А светящееся облако, зависшее между шпилями обелисков, пульсировало все быстрее и быстрее, рассыпая вокруг яркие туманные сгустки. Они раскатывались по лунной поверхности, сталкивались, разлетались в разные стороны, но странным образом их хаотическое движение концентрировалось по окружности, в центре которой находился Маккольн и который то злобно отпихивал их ногой, то отбивал резким взмахом руки.

Но вот один из сгустков, ударившись о реголит, подскочил вертикально вверх, потом мгновенно опустился, снова поднялся, да так и запрыгал в пространстве между Луной и невидимой плоскостью, напоминая собой теннисный мячик, бьющийся между столом и ракеткой.

Вот светящийся «мячик» до предела убыстрил свои движения, слившись в одну туманную полосу, потом замер на неуловимое мгновение и разлетелся в стороны истончающейся туманной дымкой. А внутри ее… Руслану словно холодной водой облили. Внутри ее возникла еще одна янтарная фигура. Очень ей знакомая фигура. Но совершенно невозможная в этом мире. Ни на Луне невозможная, ни на Земле, ни где-нибудь еще в этом бесконечном космосе.

Барбикен окаменела, уронив плазмер и испуганно зажав рот обеими руками.

— Спокойно, Руська, спокойно, — сказал Сергей Михайлович Наруддинов, расплескивая в стороны быстро гаснущие янтарные брызги. — Все под контролем.

— Да чтоб тебя! — пораженно всколыхнулось пространство голосом Хастона — Кто-нибудь объяснит, в конце концов, что здесь происходит?

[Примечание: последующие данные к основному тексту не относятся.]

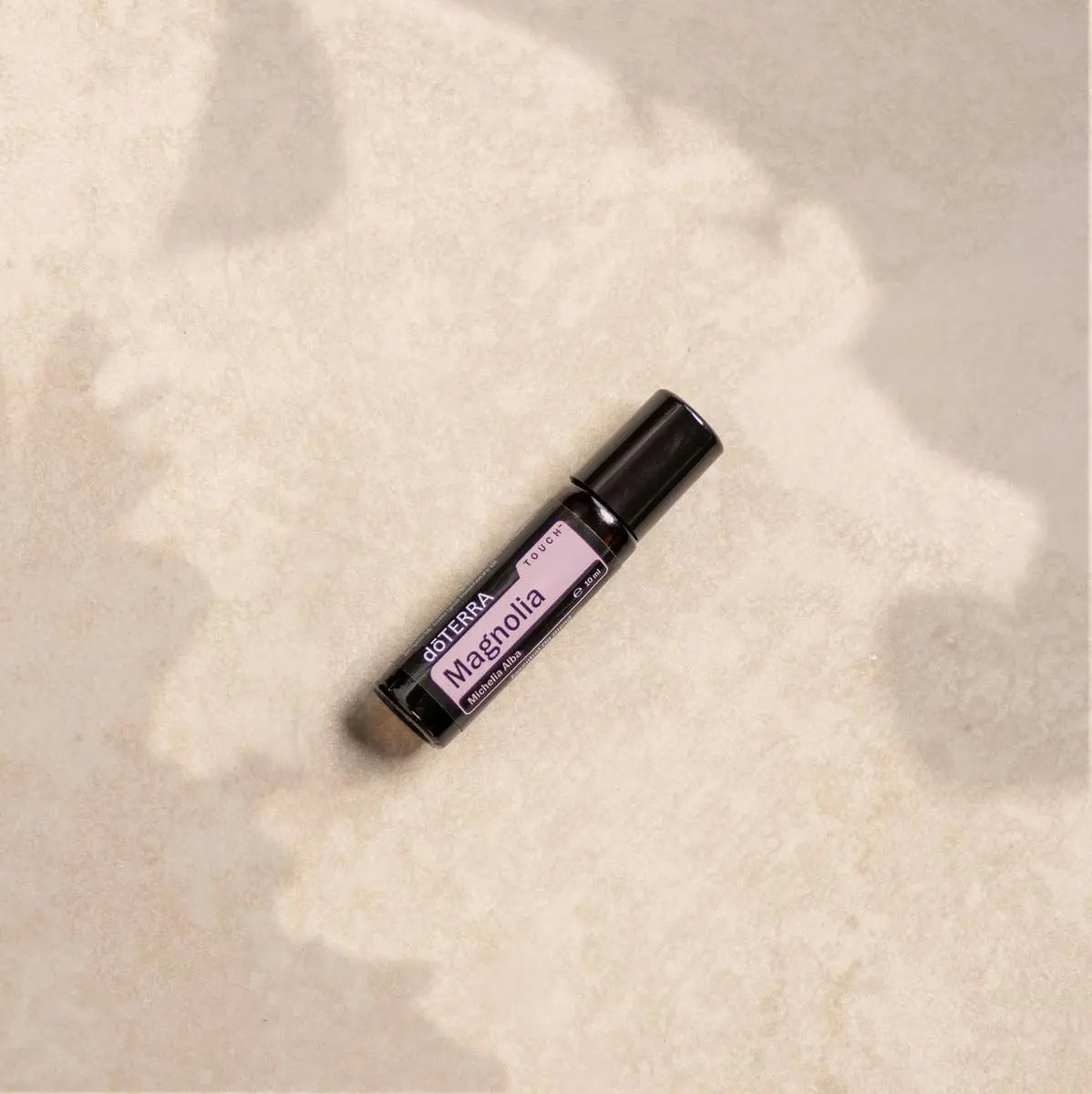 Magnolia Touch dōTERRA 10ml tumbado sobre piedra beige con sombras de hojas
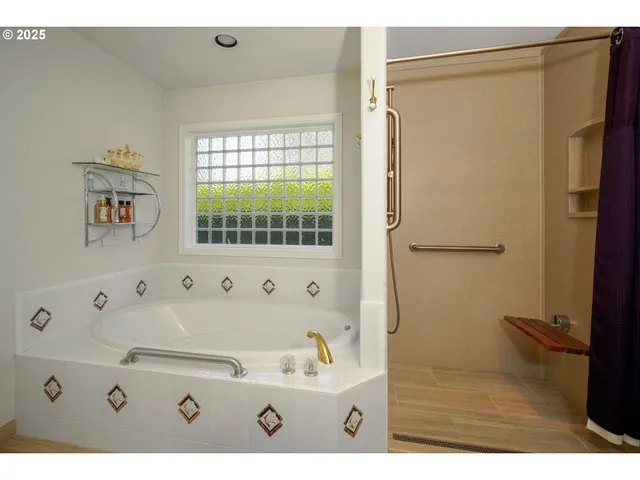 a bathroom with a sink a mirror and a bathtub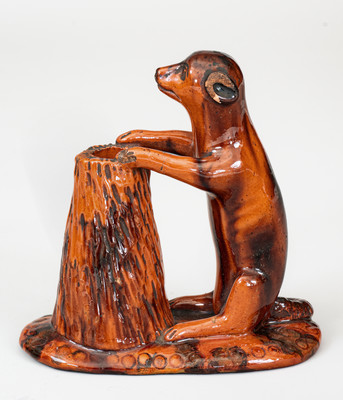 Glazed Pennsylvania Redware Figure of a Dog with Stump, circa 1850-1880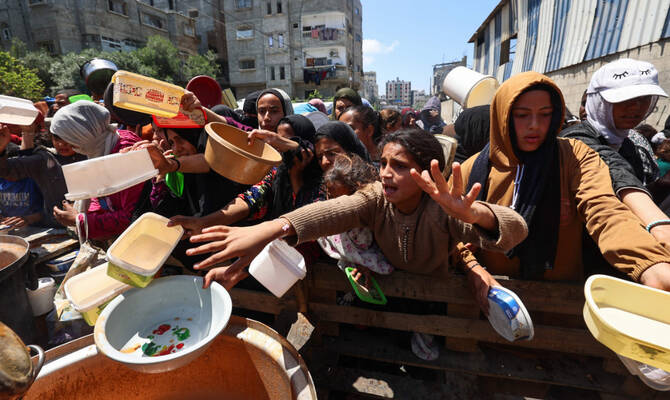 Displaced Palestinians scuffle for a portion of hot food at a charity kitchen at the Nuseirat refugee camp in the central Gaza Strip on May 5, 2025. (AFP)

Маккольн с Арданьяном тоже окаменели, словно передразнивая Барбикен. Однако не испуганно, как она, а до предела настороженно. Чем-то неуловимо напоминая друг друга. И еще напоминая хищников пред решающим броском.

Воскресший второй пилот «Тайги» тяжело ворочал головой, переводя взгляд с одного на другого. В конце концов, он остановил его на лице Виктора. Яростно кося, впрочем, глаза на фигуру Маккольна.

— Спокойно, — повторил, — спокойно, мсье Арданьян. Все под контролем.

— Мы знакомы? — прищурился Виктор.

— Да что же это?.. Да как же это?.. — лепетала Руслана, так и не оторвав рук ото рта.

— Спокойно, — в последний раз произнес Наруддинов. — Всем спокойно. Никакой паники. Никакой мистики. Все объясняется очень просто.

— Кто это? — слегка повернул голову к Руслане Виктор.

— Серг… — екнула она, — Мих… Михалыч… Наш второй пилот. Но он же… Он же… Он же погиб!

— А ты это видела? — улыбнулся Наруддинов. Но как-то жестко улыбнулся. Невесело.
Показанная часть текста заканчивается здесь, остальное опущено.